If you remember back to when you were a child in school and a teacher yelled at you, you may recall being frightened and complying immediately. You may also remember that the compliance was only temporary, and students always ended up going back to the unwanted behavior. The only reason that yelling works temporarily is because the teacher is an authority figure, and that can be intimating to a student.
Let’s face it, if you were a student and got yelled at all of the time, would you like the teacher? Yelling makes students dislike you. You don’t want to be known for the teacher that always yells, do you? Try talking calmly and taking a few moments to compose yourself. This will help calm your nerves next time you think you want to yell.
Teachers who yell all the time tend to not follow their own behavior classroom management plan. When you do this, students learn real fast what they can and cannot get away with. If they know that the only repercussion is that they will get yelled at, then their behavior will never change.

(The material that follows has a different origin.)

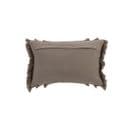 Coussin Rectangulaire Bord Floches Coton Taupe Modèle 1 - L 43 X L 28 X H 10 Cm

Teachers who are always yelling, especially at one student in particular, sabotage the student/teacher relationship. When you are always yelling, the student will resent you and never learn their lesson. Instead, try calmly talking to the student and allow them time to reflect upon their mistakes.
If students are only listening to you when you are yelling, then they are tuning you out when you are speaking calmly. What you are unknowingly doing is telling the students in so many words that your words are meaningless, unless you are raising your voice. So, be mindful next time you get ready to yell at your students. The last thing that you want, is to be the next drill sergeant of the school.
Yelling is a sheer sign of frustration and stress. It is also a way of expressing that you (and your body and mind) have had enough. All of this unwanted stress is horrible for your body and your overall health. Try to find time to relax and unwind during your down periods and at home. Take a yoga class or try doing a few mindfulness techniques.
As a parent, would you want your child to get yelled at by their teacher? Yelling is just plain disrespectful and rude. It shows that you can’t handle the students, and that you let your emotions get the best of you. It also is extremely difficult to defend to anyone. So, before you go to yell next time, take a moment to say “pause” in your head and you just may stop the yelling before it even happens.
Teachers are supposed to be the best role models for their students. They are supposed to be a person who children can look up to, and want to be like. When you react with your emotions instead of your brain, you are providing students with what they should not act like, not what they should act like. Don’t let your emotions get the best of you, be the role model that your students need and deserve.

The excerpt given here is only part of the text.